今回の出店は、県内需要だけではなく、静岡や長野など広域からの集客を見込んだものであることから、それによる交通渋滞への影響を懸念するのは無理もないことだ。また、33年ぶりに5%を超える賃上げ率を記録する中、大手と中小企業での賃金格差が、地元中小企業の人材不足に拍車をかけるのではないかとの懸念も確かにあるだろう。
地価、人口、雇用など、地域における一つ一つの出来事は、それぞれが独立しているのではない。お互いにつながり、相互に作用することで、時間の経過とともに地域や人々の営みに様々な影響を及ぼしている。短期的にはプラスにつながることもあるが、中長期的には、マイナスの影響を及ぼすこともあるかも知れない。実際のところ、それらすべてを予測することは難しく、どのような影響を及ぼすのかは起こってみるまで「わからない」。

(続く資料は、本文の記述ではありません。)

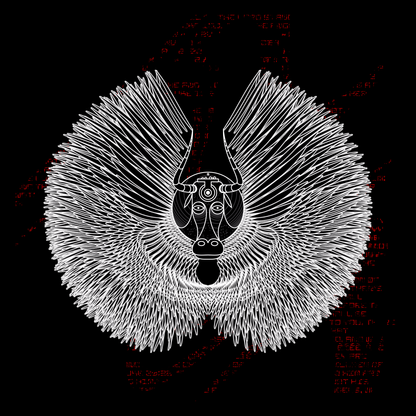 Bull angels bundle / 5 packs / 45 loops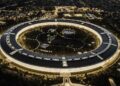 Apple é a 8ª MAIOR empresa do mundo em 2025 – O que isso significa? 14 Apple é a 8ª MAIOR empresa do mundo em 2025 – O que isso significa?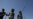 Egyptian Troops Clear Cairo’s Tahrir Square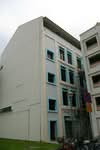 677 Rangoon Road #0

しかし、本来その土地が持つ価値には、地価に反映される経済的な尺度だけではなく、歴史や風土、人のつながりといった様々なものさしがあるのではないだろうか。
時代とともに地域は変化し続け、それに伴い地価も変動する。その中で、地域にとって変わらず大切なものは何かを考え、将来にわたりそれを守り育んでいくことが、その土地の価値につながるのではないだろうか。